Write out exactly the lines below starting at the one containing "Hi! This is" and ending at the one containing "To begin using". Omit every picture.
*** Opening of The data ***
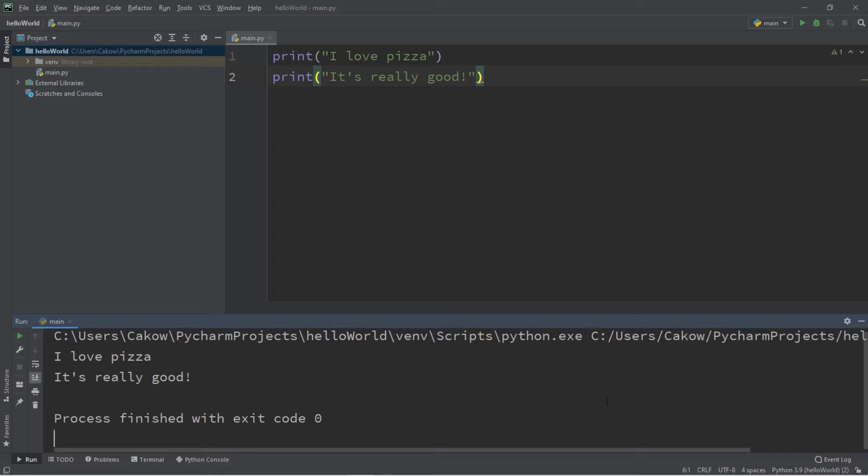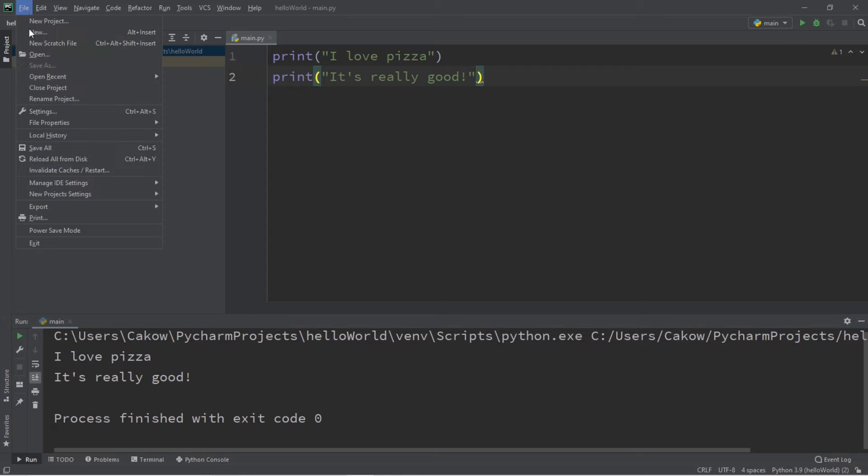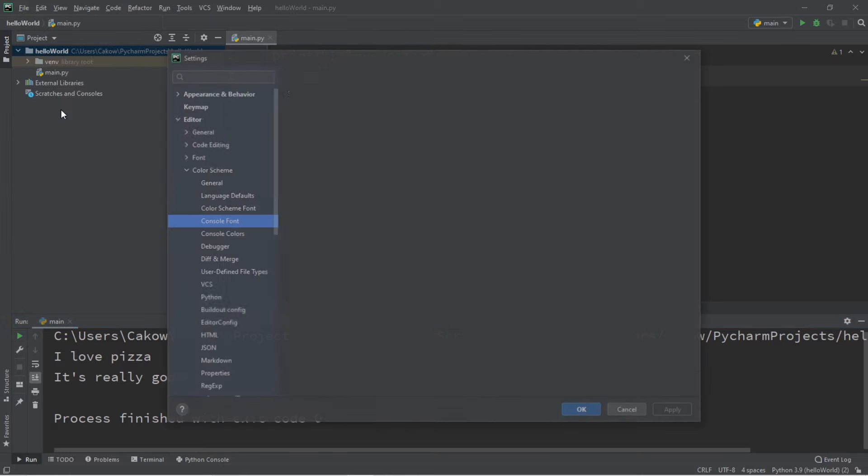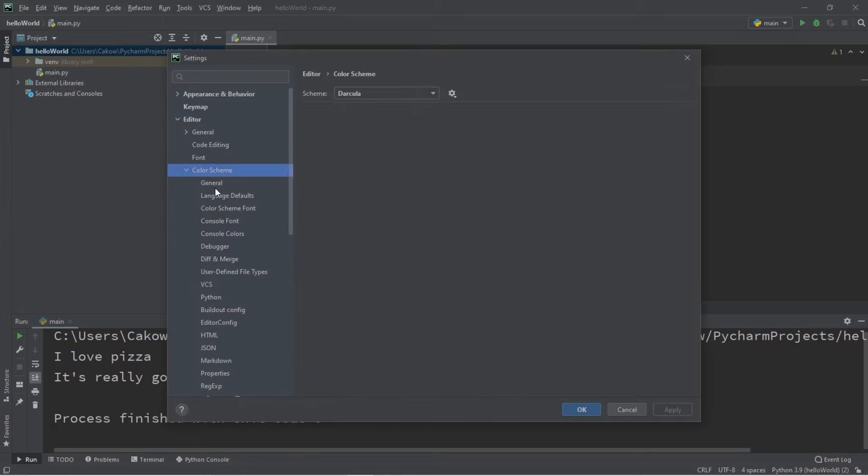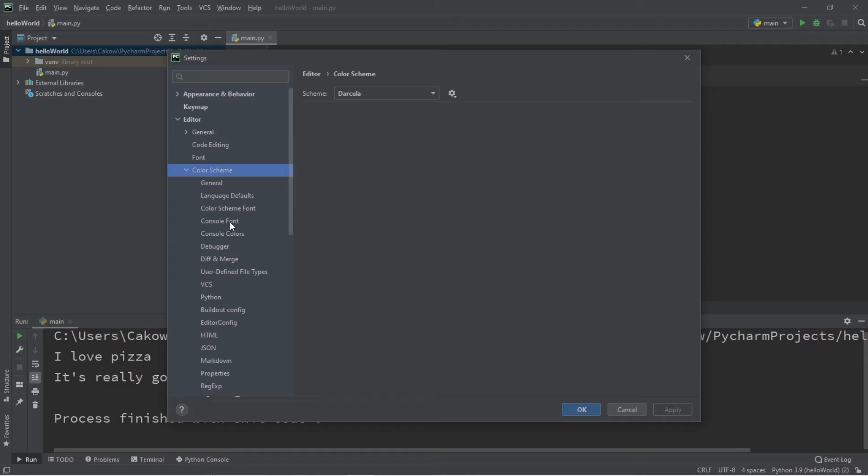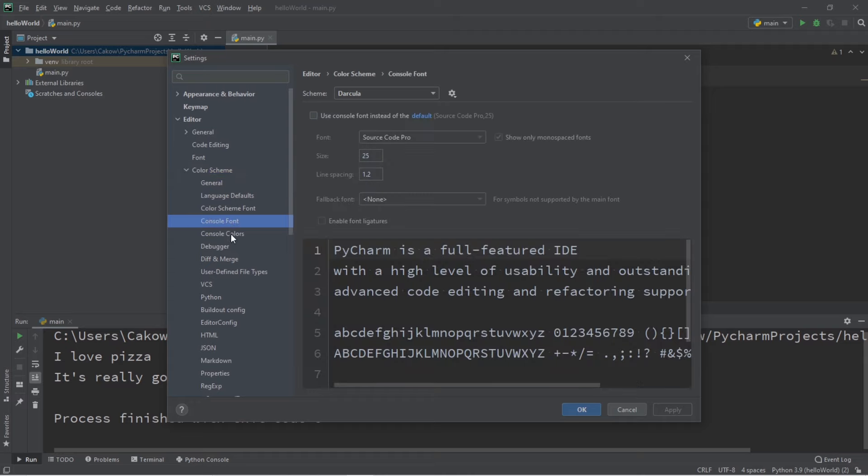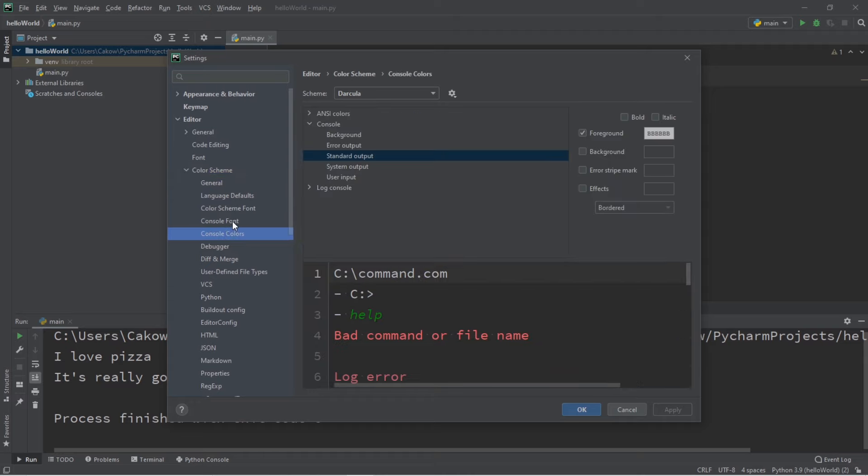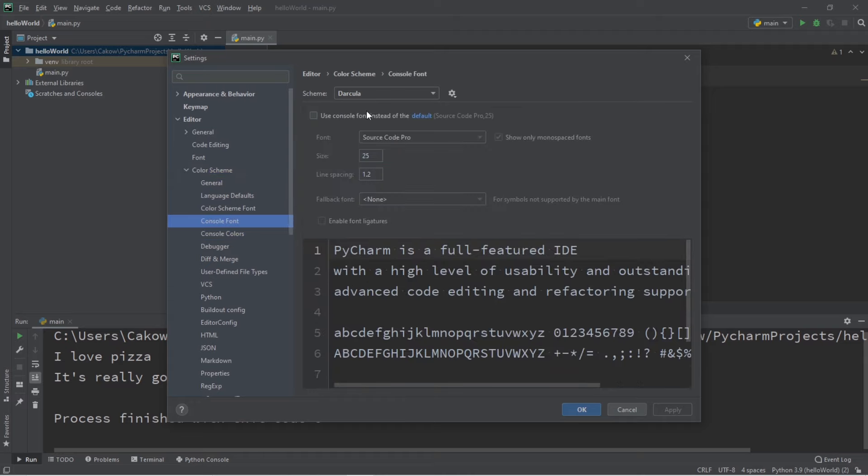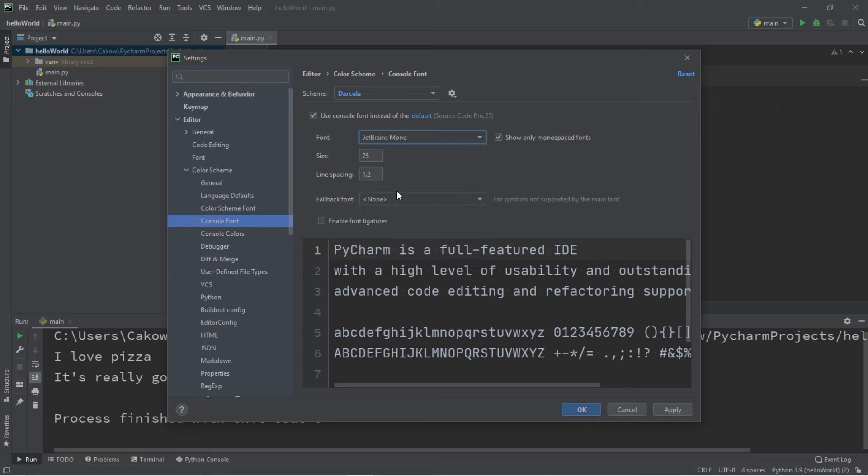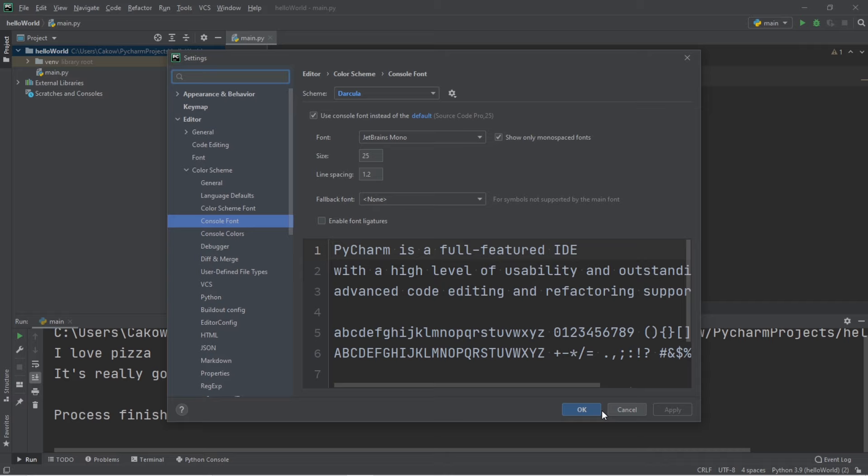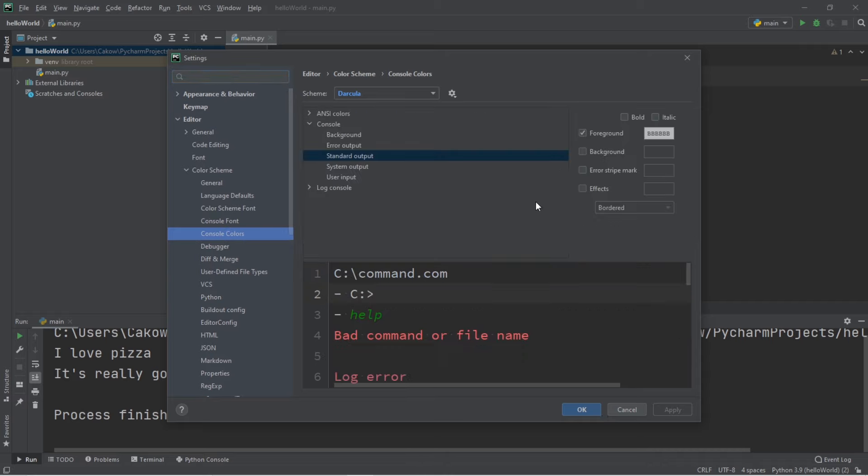By the way, you can change the font as well as the font color of your terminal window by going to file, settings, then go to editor, color scheme, console font, and console colors. Let's change the font. Let's say I would like whatever this font is. Then click apply.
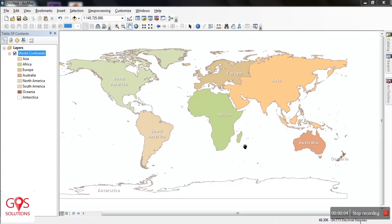Hi! This is my first video tutorial on ArcGIS. The version of ArcGIS I am using right now is 10.5. The software on screen is ArcMap, which is a component of ArcGIS, and the file extension that ArcMap uses is the MXD file.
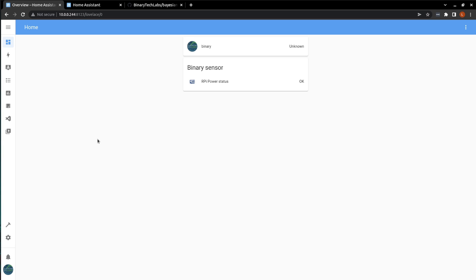To begin using this powerful integration, we simply need to add a few lines of code to our configuration.yaml file. That's it. Easy, right? Well, it really is that simple. But let's first understand some of the variables.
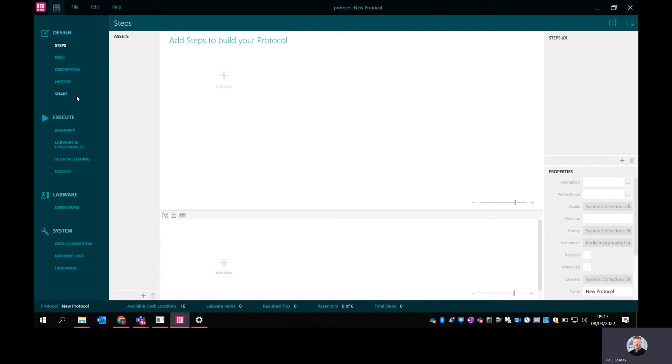This could be inaccessible to some users. If you choose to lock the system down for certain users so that when they log in, they can only select and run protocols, then they will simply see the execute part and have very limited ability to do things. Here I'm looking at it from the point of view of an advanced user who has access to everything.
*** Close of The data ***
### Your response
Hi! This is my first video tutorial on ArcGIS. The version of ArcGIS I am using right now is 10.5. The software on screen is ArcMap, which is a component of ArcGIS, and the file extension that ArcMap uses is the MXD file.
To begin using this powerful integration, we simply need to add a few lines of code to our configuration.yaml file. That's it. Easy, right? Well, it really is that simple. But let's first understand some of the variables.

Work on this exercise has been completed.